*** Opening of DATA FOR THIS TASK ***

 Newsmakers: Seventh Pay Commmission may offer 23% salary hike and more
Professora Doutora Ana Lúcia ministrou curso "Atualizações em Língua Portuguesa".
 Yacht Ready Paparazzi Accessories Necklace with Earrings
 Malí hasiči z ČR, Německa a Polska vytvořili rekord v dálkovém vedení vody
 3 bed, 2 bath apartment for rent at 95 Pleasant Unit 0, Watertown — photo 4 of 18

*** Close of DATA FOR THIS TASK ***
*** Opening of DATA FOR THIS TASK ***

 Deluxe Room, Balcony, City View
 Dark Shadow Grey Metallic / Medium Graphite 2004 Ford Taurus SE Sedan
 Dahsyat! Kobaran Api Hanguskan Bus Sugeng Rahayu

*** Close of DATA FOR THIS TASK ***

WORK TASK ▸
From the entries above, write out only the lines starting at the line that holds "Deluxe Room, Balcony, City View" and ending at the line that holds "Dahsyat! Kobaran Api", keeping both and matching them exactly.

ANSWER BELOW ▸
 Deluxe Room, Balcony, City View
 Dark Shadow Grey Metallic / Medium Graphite 2004 Ford Taurus SE Sedan
 Dahsyat! Kobaran Api Hanguskan Bus Sugeng Rahayu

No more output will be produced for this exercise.